Nichols氏は、「当時は、生成AIがSalesforce上の豊富なデータを活用してカスタマーサービスにおける予測を提供するという段階だったが、今回は、生成AIが顧客対応を支援する段階に進んでいる」と説明した。
年次イベントでは、ユーザー事例として富士通がService Cloudでの生成AIの活用により、顧客対応に要する時間を89%削減し、対応後に対応時の内容を要約する作業時間を86%削減した成果などが紹介された。蓄積されている過去の膨大な顧客との履歴から生成AIが問い合わせに対する適切な回答をオペレーターへ迅速に提示することで、オペレーターの業務効率化や生産性向上に大きく貢献しているという。
生成AIは世界的なトレンドだが、Nichols氏によれば、Service Cloudユーザーでの生成AIの導入は、実証や検証目的から本番としてすぐに運用を開始するケースまで、実にさまざまであるようだ。「テストでスモールスタートをする、まずは(生成AIのための)基盤を整備する、Copilotをすぐに使えるよう独自でプロンプト開発を進めるケースまで、生成AIの導入に対するユーザーのアプローチはさまざまとなっている」(Nichols氏)
現段階で生成AIの使い方は、顧客対応時の情報検索や回答案の提示、対応記録での要約やレポートの生成といったカスタマーサービス担当者の業務を補助するものが多いようだ。これをさらに一段階進めるのがEinstein Actionsになる。
Einstein Actionsは、業務内容に合せてEinstein Copilotをカスタマイズするものになり、ユーザーが事前に、顧客から問い合わせに生成AIでどのように対応するのかといったことを事前に設計、定義することで、本番ではそれに従ってEinstein Actionsが顧客に対応するといった役割を担う。ここでは、標準アクション、プロンプトのテンプレート、既存のフローや外部サービスとの連携、「Apex」コードによる開発なども提供され、ユーザーはそれらを利用して、独自の生成AIによる顧客対応を実行できるようになる。
Nichols氏は、Einstein CopilotやEinstein Actionsといった生成AIを実際にユーザーがどのように適用するのかは、ユーザーの戦略によって異なるだろうと述べる。人による対応を生成AIが代替することで人的リソースを最適化することも可能だが、「効率性が向上することで生じた時間を活用し、人がより高度な顧客対応に集中するといったことにより、コストセンターだったカスタマーサービスを収益源に変える企業もある」(Nichols氏)

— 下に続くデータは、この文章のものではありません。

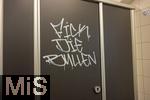 10.10.2025, Fussball WM-Qualifikation Europa 2025/26, 7.Spieltag,  Deutschland - Luxemburg, in der PreZero-Arena (Sinsheim). Im Toilettenbereich fr Mnner ist eine Tre von den Hoffenheimer Fans mit FICK DIE BULLEN beschmiert.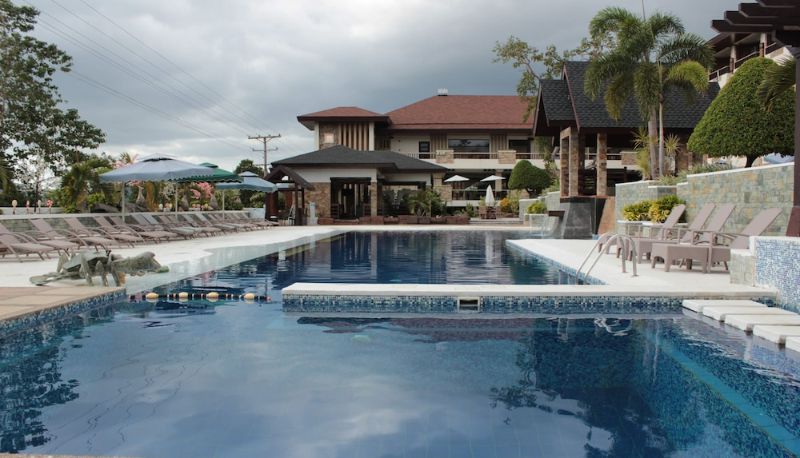 Havuz - Coron Westown Resort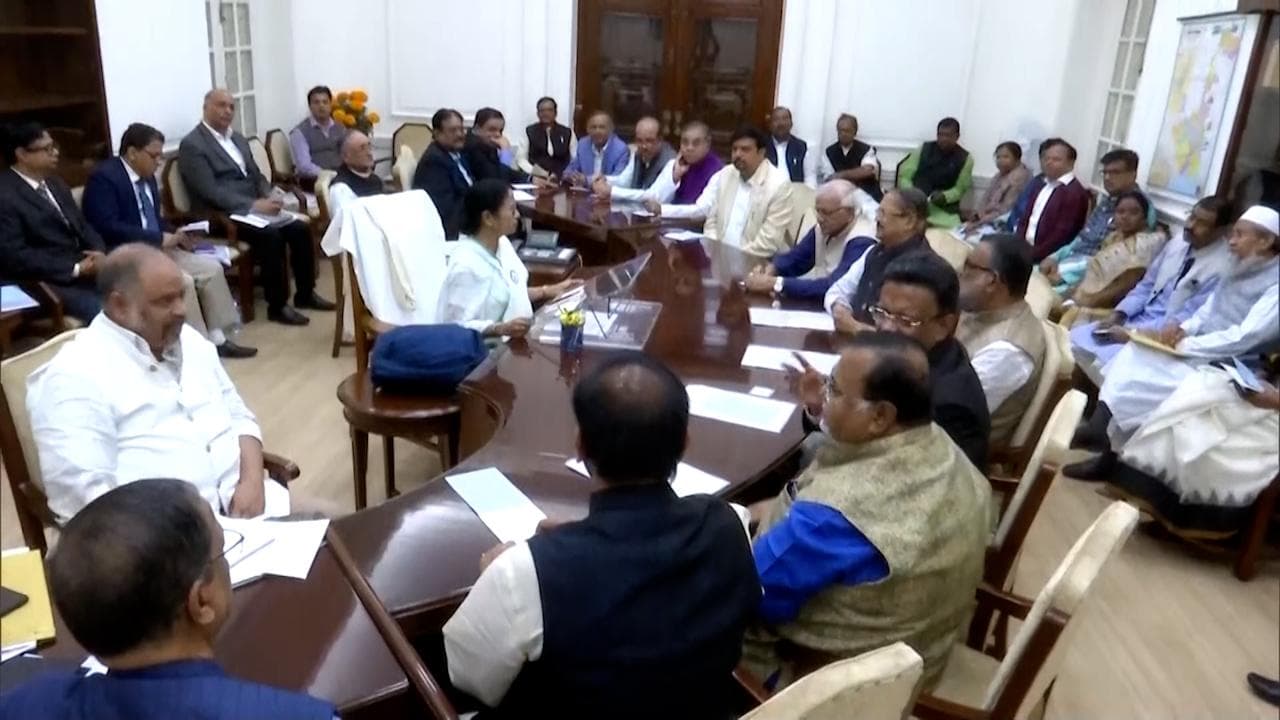 TMC: প্রশান্ত কিশোরের পরামর্শ খারিজ, পুরভোটের রাশ নিজের হাতে রাখলেন মমতা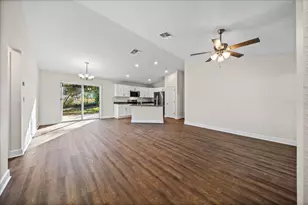 13869 SE 41st Ct, Summerfield, FL 34491 - Photo 9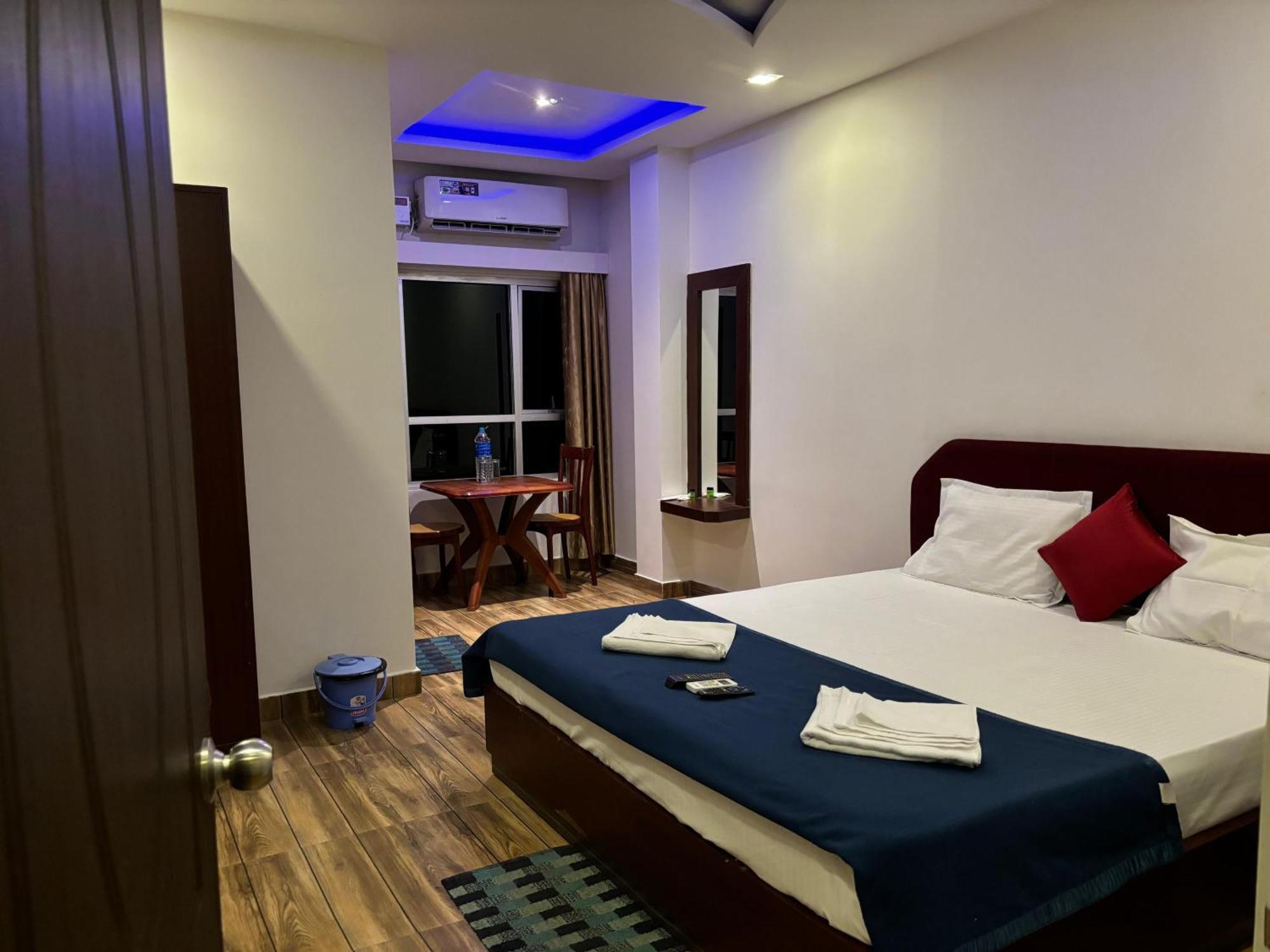The Tamarind Tree Hotel & Restaurant Shadipur Экстерьер фото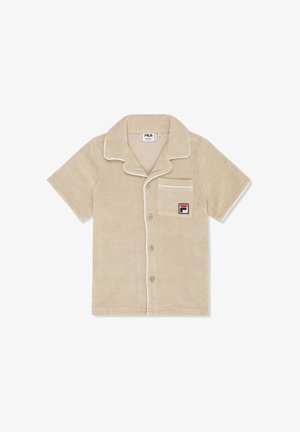 Camisa beige de manga corta con botones, ribete blanco, bolsillo frontal y logo de Fila en el bolsillo del pecho.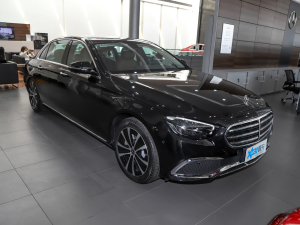 2022Ŀ E 350 e L ʽτ(dng)I܇ ǰ45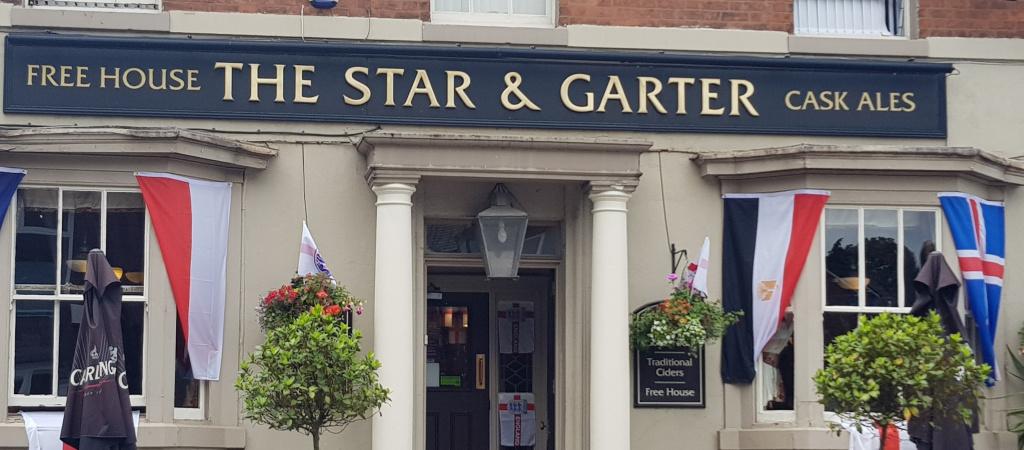 Best Sports Bars in Stafford - Star and Garter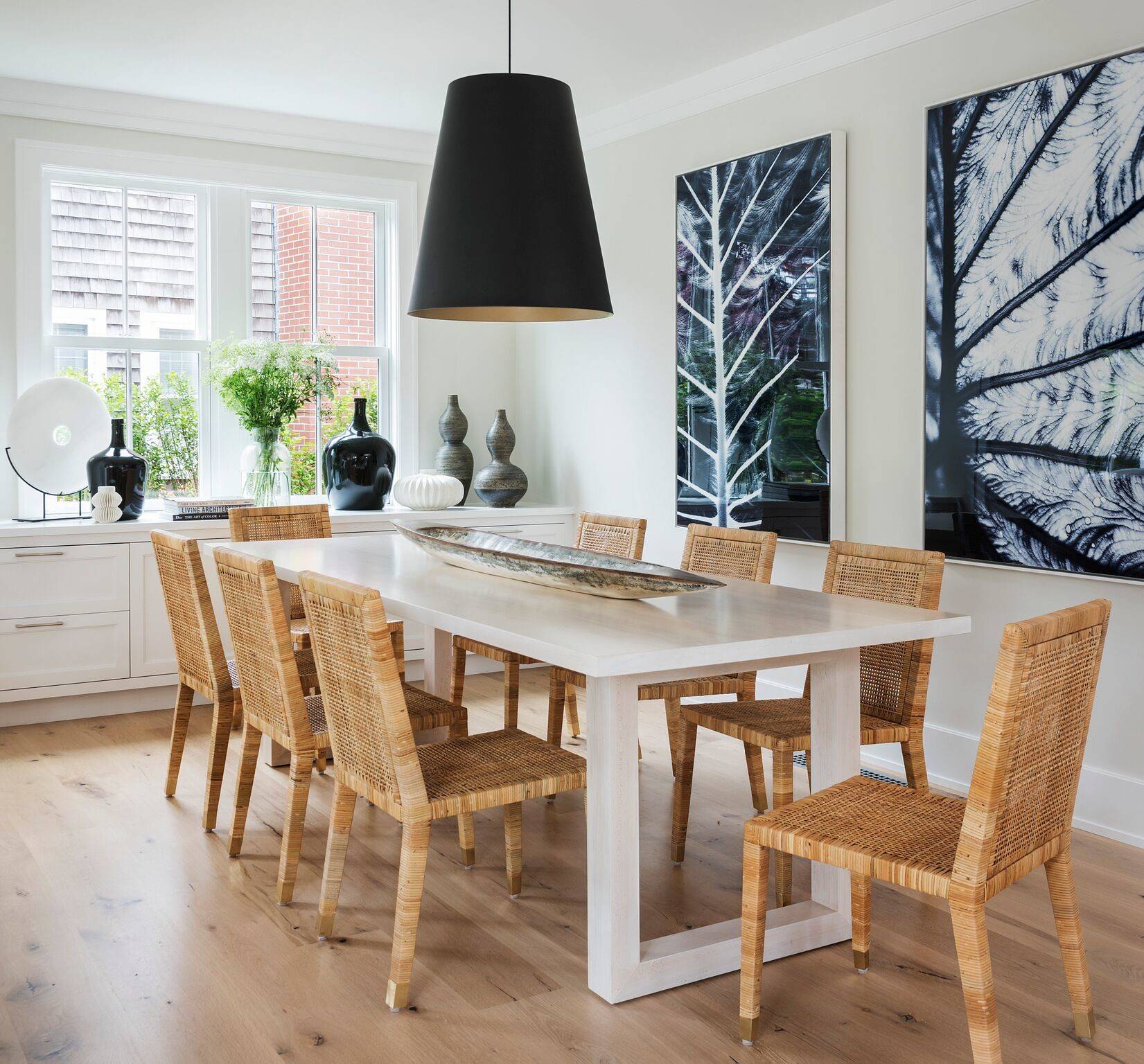 Home tour of West Chester, a modern coastal home designed by Cindy Hayes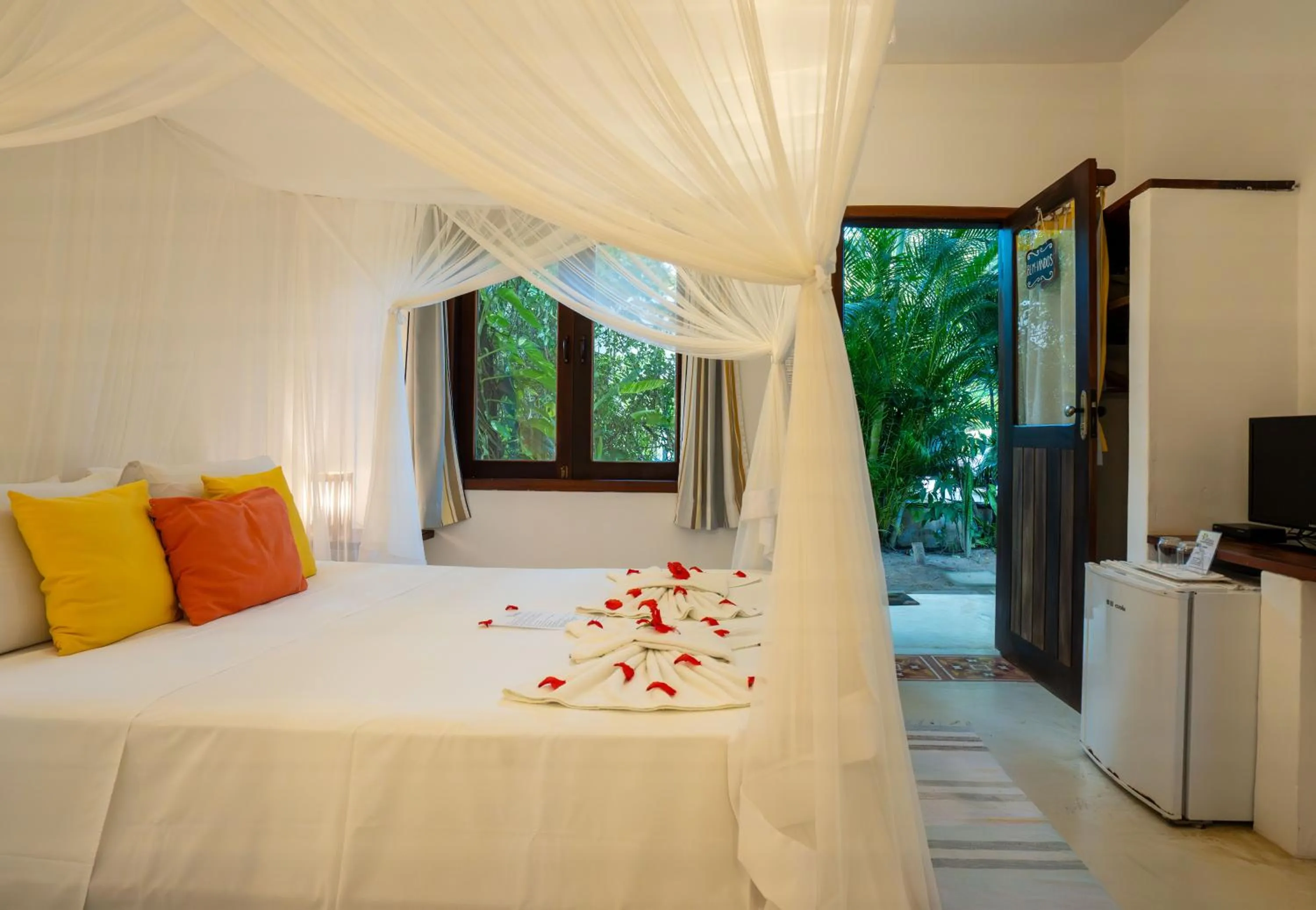 Photo of the whole room, Bed in Pousada Jardim Das Margaridas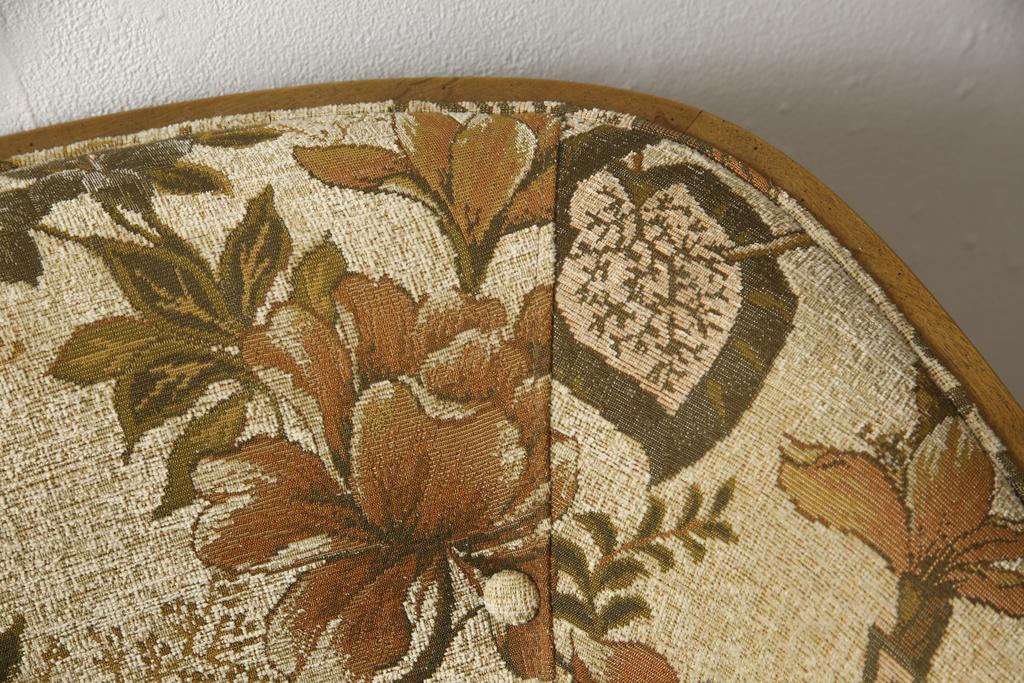 中古　美品　アメリカ輸入モデル　DREXEL HERITAGE(ドレクセルヘリテイジ)　花と鳥の絵柄が落ち着いた雰囲気を醸し出す1人掛けソファ(一人掛け、アームチェア)(R-058921)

例えば、高級ブランドのGucciは、生成AIを活用することでクロスセルやアップセルにつながる提案を顧客に行い、収益性が30%向上したという。「このほど先進的なService Cloudユーザーが参加するグローバルコミュニティーを立ち上げ、カスタマーサービスにおけるさまざまな変化を踏まえた生成AI活用の方向性について会話を始めている。コミュニティーのメンバーは、豊富な顧客との履歴や知見を有しており、(Einstein CopilotやEinstein Actions)のさまざまな活用を導き出していくだろう」(Nichols氏)
他方で、生成AIに対する規制が各国で議論され、顧客の情報やプライバシーの取り扱いにおける厳格なルールが整備されていく見通しが広がる。Service Cloudは、こうした動向の影響を大きく受ける可能性が想定されるが、Nichols氏は、同社の「Einstein Trust Layer」を通じた取り組みによって、個人情報やプライバシーを外部に持ち出すことなく生成AIの回答に役立つデータを取り入れながら、顧客にとって最適な内容を生成することができ、規制強化の動きにも順守していくことができると改めて説明した。